Winner of the Griffin International Poetry Prize (2006)

Kamau Brathwaite's newest work, Born to Slow Horses, is a series of poetic meditations on islands and exile, language and ritual, and the force of personal and historical passions and griefs. These poems are haunted, figuratively and literally, by spirits of the African diaspora and drenched in the colors, sounds, and rhythms of the islands. But they also encompass the world of the exile and return, and the events of 9/11 in New York City. Brathwaite is one of the foremost voices in postcolonial inquiry and expression, and his poetry is densely rooted and expansive.

Using his unusual "sycorax" signature typography and spelling, Brathwaite brings a cultural specificity, with distinct accents, sonic gestures, and pronunciations, into his pages--making them new, exciting, and rich in nuances.


About the Author

KAMAU BRATHWAITE, born in Barbados in 1930, is an internationally celebrated poet, performer, and cultural theorist.
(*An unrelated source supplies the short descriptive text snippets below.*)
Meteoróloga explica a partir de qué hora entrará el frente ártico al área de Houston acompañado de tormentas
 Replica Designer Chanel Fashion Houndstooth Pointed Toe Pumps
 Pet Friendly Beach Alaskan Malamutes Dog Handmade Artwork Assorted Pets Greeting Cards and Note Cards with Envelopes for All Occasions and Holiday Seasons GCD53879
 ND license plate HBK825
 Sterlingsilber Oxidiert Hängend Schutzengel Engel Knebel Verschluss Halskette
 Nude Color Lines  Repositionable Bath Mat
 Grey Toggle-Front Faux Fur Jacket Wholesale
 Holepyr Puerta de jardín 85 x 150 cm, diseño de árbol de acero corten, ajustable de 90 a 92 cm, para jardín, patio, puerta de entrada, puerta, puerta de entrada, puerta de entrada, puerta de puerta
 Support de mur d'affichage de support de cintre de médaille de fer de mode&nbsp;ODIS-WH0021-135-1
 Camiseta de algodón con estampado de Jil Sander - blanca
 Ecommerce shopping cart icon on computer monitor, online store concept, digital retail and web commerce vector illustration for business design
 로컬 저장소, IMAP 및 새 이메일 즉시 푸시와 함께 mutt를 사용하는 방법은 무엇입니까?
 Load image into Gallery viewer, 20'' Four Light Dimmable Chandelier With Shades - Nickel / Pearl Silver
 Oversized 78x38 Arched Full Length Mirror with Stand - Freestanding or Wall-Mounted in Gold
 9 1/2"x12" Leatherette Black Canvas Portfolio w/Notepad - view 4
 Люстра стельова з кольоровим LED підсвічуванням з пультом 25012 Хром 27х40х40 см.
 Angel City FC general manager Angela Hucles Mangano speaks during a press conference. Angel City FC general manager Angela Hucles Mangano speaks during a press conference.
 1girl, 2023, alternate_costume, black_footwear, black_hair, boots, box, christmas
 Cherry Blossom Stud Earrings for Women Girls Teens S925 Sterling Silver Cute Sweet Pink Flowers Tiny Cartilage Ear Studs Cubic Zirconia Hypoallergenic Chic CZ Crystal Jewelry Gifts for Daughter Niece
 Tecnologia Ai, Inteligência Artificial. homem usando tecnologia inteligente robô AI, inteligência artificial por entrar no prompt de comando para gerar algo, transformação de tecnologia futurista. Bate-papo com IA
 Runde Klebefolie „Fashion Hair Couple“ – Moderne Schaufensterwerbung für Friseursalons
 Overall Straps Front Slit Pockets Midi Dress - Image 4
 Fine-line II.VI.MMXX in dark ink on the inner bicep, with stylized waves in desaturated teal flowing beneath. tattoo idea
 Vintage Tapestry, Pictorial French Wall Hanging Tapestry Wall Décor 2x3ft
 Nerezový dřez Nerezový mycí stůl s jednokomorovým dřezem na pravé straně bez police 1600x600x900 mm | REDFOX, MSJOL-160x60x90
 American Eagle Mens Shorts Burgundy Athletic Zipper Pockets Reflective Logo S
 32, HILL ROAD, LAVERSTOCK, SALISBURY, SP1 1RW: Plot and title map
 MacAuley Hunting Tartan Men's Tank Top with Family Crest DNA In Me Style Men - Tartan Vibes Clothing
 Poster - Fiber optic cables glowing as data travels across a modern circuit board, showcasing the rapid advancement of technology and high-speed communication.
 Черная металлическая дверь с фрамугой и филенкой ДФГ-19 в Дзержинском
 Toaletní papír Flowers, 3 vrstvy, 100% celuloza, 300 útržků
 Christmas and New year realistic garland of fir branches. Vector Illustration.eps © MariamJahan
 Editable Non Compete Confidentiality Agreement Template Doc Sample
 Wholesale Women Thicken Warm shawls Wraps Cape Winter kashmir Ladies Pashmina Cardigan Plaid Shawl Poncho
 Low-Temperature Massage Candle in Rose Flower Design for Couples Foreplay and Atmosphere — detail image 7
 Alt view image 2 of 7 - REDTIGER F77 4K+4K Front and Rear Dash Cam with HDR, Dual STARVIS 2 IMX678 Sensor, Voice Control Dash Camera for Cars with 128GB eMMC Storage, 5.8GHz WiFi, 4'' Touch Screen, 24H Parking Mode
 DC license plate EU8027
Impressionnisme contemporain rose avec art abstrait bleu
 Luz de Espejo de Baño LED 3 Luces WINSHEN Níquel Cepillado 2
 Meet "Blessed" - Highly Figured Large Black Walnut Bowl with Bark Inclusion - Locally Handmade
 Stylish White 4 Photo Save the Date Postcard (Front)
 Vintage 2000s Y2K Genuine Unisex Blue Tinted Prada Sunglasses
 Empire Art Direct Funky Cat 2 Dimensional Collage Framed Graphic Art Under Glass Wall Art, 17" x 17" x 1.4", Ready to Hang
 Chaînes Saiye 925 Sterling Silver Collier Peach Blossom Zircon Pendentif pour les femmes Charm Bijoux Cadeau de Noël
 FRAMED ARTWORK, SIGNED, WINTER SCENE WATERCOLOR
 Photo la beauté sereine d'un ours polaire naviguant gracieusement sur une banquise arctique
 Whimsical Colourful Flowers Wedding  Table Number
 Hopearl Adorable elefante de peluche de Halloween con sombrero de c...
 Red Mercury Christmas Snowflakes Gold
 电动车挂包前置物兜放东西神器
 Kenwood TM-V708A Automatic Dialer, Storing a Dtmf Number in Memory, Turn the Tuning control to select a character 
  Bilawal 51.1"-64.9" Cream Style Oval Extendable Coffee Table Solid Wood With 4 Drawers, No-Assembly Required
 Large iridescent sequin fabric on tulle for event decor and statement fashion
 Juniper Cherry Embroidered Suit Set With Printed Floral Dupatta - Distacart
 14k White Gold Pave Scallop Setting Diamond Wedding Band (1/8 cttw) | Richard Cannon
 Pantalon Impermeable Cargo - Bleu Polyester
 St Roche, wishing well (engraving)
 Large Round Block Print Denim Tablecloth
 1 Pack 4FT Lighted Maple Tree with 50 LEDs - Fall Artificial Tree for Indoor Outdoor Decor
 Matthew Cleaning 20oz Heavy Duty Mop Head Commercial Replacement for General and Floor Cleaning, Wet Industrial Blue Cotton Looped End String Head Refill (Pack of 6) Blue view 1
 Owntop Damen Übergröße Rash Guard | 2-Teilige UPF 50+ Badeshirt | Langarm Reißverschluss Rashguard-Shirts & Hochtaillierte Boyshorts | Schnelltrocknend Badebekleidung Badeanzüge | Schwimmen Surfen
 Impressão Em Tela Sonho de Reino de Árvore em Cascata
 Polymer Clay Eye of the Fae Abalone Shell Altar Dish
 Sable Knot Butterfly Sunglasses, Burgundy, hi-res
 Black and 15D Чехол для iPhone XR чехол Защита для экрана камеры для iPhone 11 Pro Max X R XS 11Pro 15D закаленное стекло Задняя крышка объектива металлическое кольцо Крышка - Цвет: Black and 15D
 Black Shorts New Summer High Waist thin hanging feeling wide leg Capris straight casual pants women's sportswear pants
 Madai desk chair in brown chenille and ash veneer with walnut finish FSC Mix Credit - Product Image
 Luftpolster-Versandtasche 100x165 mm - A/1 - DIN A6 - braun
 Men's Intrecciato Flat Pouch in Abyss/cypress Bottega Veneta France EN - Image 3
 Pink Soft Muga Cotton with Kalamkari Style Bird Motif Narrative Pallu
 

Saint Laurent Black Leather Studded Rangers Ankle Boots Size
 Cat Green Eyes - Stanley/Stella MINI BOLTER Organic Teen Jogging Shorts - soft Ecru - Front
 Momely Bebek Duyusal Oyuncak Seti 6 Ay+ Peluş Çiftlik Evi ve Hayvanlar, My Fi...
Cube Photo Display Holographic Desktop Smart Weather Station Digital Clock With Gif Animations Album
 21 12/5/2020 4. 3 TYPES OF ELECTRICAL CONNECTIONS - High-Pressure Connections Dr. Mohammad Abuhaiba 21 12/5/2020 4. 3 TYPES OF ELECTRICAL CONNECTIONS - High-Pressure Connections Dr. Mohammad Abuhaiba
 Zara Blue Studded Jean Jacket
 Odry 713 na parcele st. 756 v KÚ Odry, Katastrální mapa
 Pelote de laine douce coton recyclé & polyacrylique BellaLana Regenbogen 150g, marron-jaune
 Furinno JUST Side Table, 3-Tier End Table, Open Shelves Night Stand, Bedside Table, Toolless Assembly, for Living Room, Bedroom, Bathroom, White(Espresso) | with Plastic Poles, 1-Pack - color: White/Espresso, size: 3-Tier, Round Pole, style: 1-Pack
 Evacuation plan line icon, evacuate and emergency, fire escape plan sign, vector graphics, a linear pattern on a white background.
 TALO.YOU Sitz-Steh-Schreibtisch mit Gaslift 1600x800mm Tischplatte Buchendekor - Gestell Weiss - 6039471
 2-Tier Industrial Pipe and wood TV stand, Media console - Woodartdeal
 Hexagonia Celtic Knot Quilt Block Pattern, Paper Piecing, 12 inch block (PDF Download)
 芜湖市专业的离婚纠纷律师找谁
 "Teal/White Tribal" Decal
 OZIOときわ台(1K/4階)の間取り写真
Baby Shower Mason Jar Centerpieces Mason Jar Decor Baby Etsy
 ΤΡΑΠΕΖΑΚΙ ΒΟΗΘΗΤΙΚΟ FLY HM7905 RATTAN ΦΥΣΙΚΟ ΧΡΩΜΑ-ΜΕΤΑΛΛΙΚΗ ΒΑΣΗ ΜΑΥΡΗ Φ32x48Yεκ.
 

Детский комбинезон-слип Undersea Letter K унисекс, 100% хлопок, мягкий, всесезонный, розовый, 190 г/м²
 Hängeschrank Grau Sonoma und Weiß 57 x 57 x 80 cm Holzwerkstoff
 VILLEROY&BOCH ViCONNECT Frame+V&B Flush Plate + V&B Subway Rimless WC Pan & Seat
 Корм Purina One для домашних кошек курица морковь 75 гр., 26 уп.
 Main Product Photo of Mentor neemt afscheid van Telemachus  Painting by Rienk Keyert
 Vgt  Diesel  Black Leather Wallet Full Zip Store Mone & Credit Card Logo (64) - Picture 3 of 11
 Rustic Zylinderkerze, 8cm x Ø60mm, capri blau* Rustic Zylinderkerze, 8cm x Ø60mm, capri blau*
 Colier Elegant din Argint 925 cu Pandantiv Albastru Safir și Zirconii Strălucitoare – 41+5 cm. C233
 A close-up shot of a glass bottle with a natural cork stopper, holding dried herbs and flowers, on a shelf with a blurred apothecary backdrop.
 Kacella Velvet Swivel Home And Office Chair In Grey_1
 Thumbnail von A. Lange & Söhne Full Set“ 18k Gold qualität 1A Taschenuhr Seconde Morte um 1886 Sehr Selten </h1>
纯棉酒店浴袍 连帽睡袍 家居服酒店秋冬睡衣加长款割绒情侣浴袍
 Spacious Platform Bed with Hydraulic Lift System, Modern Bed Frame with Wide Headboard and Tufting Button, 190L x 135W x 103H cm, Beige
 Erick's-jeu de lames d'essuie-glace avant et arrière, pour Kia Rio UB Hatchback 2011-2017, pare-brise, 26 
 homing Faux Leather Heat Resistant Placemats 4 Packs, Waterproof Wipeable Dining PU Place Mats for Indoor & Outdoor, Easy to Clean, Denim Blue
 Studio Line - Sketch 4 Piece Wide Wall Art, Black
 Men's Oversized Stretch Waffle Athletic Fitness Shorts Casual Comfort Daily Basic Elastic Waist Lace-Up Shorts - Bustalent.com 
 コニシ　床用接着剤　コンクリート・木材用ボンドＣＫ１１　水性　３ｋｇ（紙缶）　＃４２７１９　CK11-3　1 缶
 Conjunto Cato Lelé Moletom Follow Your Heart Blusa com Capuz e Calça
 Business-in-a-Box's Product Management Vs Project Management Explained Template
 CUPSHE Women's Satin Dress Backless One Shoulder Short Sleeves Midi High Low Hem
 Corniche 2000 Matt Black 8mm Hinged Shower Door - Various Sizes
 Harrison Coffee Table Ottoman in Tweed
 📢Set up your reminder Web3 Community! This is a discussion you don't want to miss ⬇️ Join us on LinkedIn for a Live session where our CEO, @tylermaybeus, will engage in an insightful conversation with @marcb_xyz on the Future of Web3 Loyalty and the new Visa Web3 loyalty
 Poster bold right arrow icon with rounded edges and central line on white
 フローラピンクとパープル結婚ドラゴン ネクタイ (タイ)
Co-founder of the Caribbean Artists Movement, he was educated at Pembroke College, Cambridge and has a Ph.D. from the University of Sussex in the U.K. He has served on the board of directors of UNESCO's History of Mankind project since 1979, and as cultural advisor to the government of Barbados from 1975-79 and since 1990. His awards include the Neustadt International Prize for Literature, the Bussa Award, the Casa de las Americas Prize, and the Charity Randall Prize for Performance and Written Poetry. He has received both Guggenheim and Fulbrights fellowships, among many others. His book The Zea Mexican Diary (1993) was the Village Voice Book of the Year. Over the years, he has worked in the Ministry of Education in Ghana, and taught at the University of the West Indies, Southern Illinois University, the University of Nairobi, Boston University, Holy Cross College, Yale, and was a visiting fellow at Harvard. Brathwaite is currently Professor of Comparative Literature at New York University, and shares his time between CowPastor, Barbados and New York City.